The food in my stomach turned to stone. I didn”t want to believe it, but why would Julie lie to me? Grandma was a witch.

“Why do you look like you just swallowed a fly?” she asked.

“I…I need you to tell me everything you know about gemstone witches.”

“What? Why?”

“Just...please?”

The woman was too smart to avoid reaching the obvious conclusion. ”Emi. Are you a witch?”

“No, I”m not, I swear. I have no magic, and…” I swallowed hard. “And even if I did, I would never hurt you.” It was as close as I’d come to admitting the possibility.

Her gaze was shrewd. Eventually, she nodded.

It turned out Julie knew a lot about gemstone witches. “For reasons I don’t want to get into, I spent a long time after my mother’s death researching magic and witches.”

As the lantern over the table sent flickering light dancing up the walls, she spoke of how witches are named for gemstones based on an affinity determined at birth, and how that stone will be their best magic conduit later. Julie explained how witches awaken their magic with a wish; the first wish they ever make determines what magic they will have.
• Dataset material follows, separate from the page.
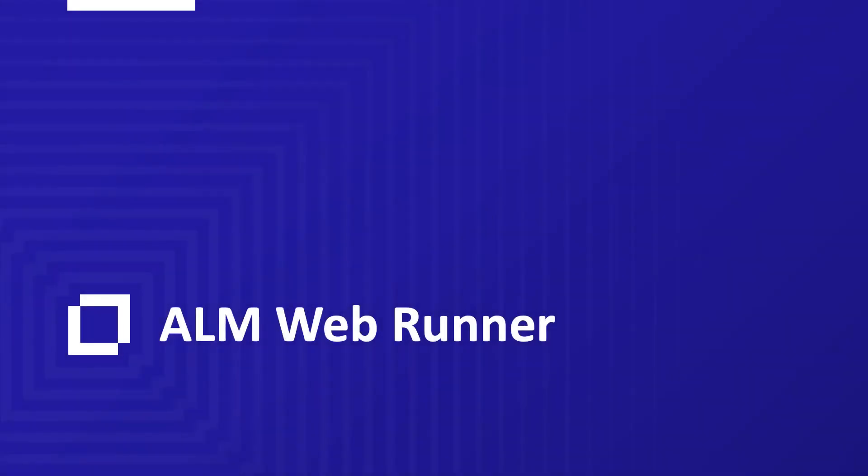The next module I want to talk about is the ALM WebRunner, which was introduced in ALM 15. This module provides a full web interface for ALM. It can be accessed from any browser and operating system.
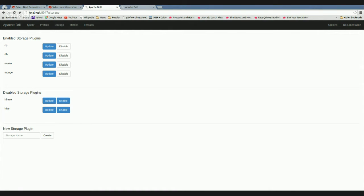You don't have to use Exasol or Mongo — you can use any type of Drill-supported backing data store. You could use Exasol and connect it to Hive, to HBase, or two different JDBC servers. There are unlimited configuration options here, so this is just one example.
I finally understood what Wolf had meant about wishing him dead.

There! That was proof I couldn’t be a witch. Surely I’d made wishes before. Not that I could think of any just then, but no one could have reached my age without wishing for…something.
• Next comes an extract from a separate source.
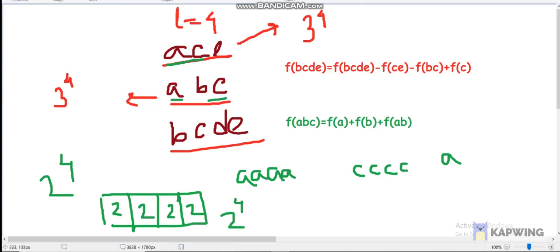From 'ace' we can make 3 to the power 4 choices. From the second string 'abc' we can make 3 to the power 4 minus 2 to the power 4 new choices. The interesting part comes when we bring in the third string.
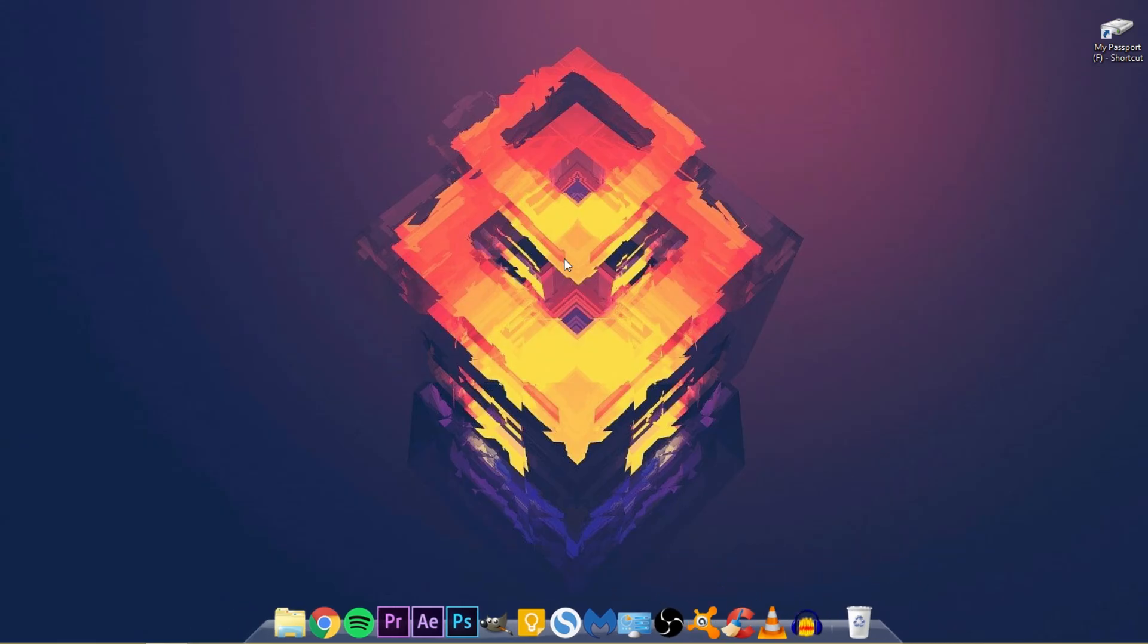So yeah guys, that's what I have on my dock. Those are the things I use on my dock every day.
“The Ruby Witch is infamous because her magic is curse magic, and powerful,” Julie explained.

While she finished, I racked my memories for a wish I’d made. It must have happened. I’d been sad about not feeling love from my father and not being interesting enough for Jade, but I’d always just pushed those sorrows down. There was no point wishing for something that wouldn’t change, so I hadn’t. Feeling sorry for myself wasn’t the same as wishing things were different. What would have been the point in that? That would have been like wishing my mother hadn’t left us, or that the townspeople would magically like me the way they did Jade. It seemed absurd to think anything so simple as a wish could change anything, so I’d never tried.

Something small, then. Surely I’d made an accidental wish somewhere along the way. Hadn’t I?